We just expected her performance to match her bragging, that's all.
As someone who watches track and field regularly, I've seen great sprinters have horrible performances before. No big deal. This wasn't considered an upset in the world of track and field anyway because very few who watches the sport regularly expected Sha'Carri to win.
But a lot of her critics got fuel for their fire after hearing her interview afterwards and argued that it was a worse performance than her race. She was clearly upset (which was understandable) and cursed on national broadcast television. She defended her poor performance by touting her previous events and saying things like, "you know what I'm capable of".
No, not really. Not yet. Dominating in college is much different from dominating as a pro against world opponents.
None of the eight ladies who finished ahead of Sha'Carri were critical of her in their post-race interviews. In fact, the Jamaican ladies who finished 1-2-3 wouldn't even comment on her when given a chance to rub it in Sha'Carri's face. Why aren't they not getting any credit for being gracious winners?
Some people on Facebook were saying, "when's the last time you ran a 100m race?". Uh, never. But that's kind of an immature argument when you consider that most of us criticize things we've never done. How many of us have opinions on politicians, but have never run a branch of government?
Others came at me on Facebook saying that I criticized a black woman and that was foul. I'm not sure where the argument of "not supporting a black woman" comes into play when every woman in the event was a woman of color. Criticism of a braggadocious behavior knows no color. Sha'Carri can't sell wolf tickets and then be surprised when wolves show up.
It's unfortunate that this was the time she ran one of her worst races as a professional. We all have bad days and don't perform well at something, but we're fortunate that it's not usually on a national stage. However, here comes the "but"... Sha'Carri made the spotlight even brighter by putting her confidence on display for the world to see prior to the event. She did some things that could be deemed as being disrespectful to her opponents and that comes with a price if you can't back it up.

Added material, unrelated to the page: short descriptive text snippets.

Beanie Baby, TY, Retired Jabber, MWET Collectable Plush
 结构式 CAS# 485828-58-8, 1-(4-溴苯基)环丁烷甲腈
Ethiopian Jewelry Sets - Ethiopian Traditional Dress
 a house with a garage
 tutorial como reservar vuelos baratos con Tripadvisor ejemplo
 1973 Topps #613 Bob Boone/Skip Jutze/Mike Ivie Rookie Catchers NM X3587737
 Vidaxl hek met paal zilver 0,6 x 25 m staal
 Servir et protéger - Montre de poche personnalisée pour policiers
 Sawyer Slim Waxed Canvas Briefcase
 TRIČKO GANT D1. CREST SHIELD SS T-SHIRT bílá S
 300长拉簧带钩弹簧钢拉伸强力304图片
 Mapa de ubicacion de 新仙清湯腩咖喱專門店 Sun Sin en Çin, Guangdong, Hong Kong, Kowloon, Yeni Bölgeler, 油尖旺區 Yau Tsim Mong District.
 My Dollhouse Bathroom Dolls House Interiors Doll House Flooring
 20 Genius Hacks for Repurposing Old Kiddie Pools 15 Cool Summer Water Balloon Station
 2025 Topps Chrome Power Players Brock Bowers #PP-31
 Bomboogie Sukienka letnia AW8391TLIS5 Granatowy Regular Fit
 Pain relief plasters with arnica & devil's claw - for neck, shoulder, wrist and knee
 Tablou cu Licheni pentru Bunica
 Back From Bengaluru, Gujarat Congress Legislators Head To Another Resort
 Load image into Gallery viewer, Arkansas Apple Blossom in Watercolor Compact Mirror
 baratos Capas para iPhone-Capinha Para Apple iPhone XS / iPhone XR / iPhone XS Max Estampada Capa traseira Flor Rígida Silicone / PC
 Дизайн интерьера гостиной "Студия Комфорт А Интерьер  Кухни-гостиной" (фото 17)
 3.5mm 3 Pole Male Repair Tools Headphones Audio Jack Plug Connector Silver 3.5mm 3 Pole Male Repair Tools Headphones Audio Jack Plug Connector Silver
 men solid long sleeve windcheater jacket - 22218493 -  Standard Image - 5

I remember when Muhammad Ali lost to Leon Spinks in the late 70's. It was a devastating and humiliating loss for him, but he bounced back. And that's what made Ali so great. He always bounced back from a defeat.
I think that Sha'Carri will, too. I fully expect her to be a medalist in the 2024 Summer Olympic games in Paris. I also expect her to be much more competitive in the next match up against Jamaican runners. She just needs to mentality get back in the game and the improvements will happen. She was the second-youngest person in the event, so her ceiling is still high.
I will continue to pull for her, but if she runs her mouth and doesn't back it up, I'll continue to criticize her for it as well. Because we all need to held accountable for what we say and do. Unfortunately, most people on social media don't understand that which makes them incapable of separating someone's actions from the fact that they personally like the person.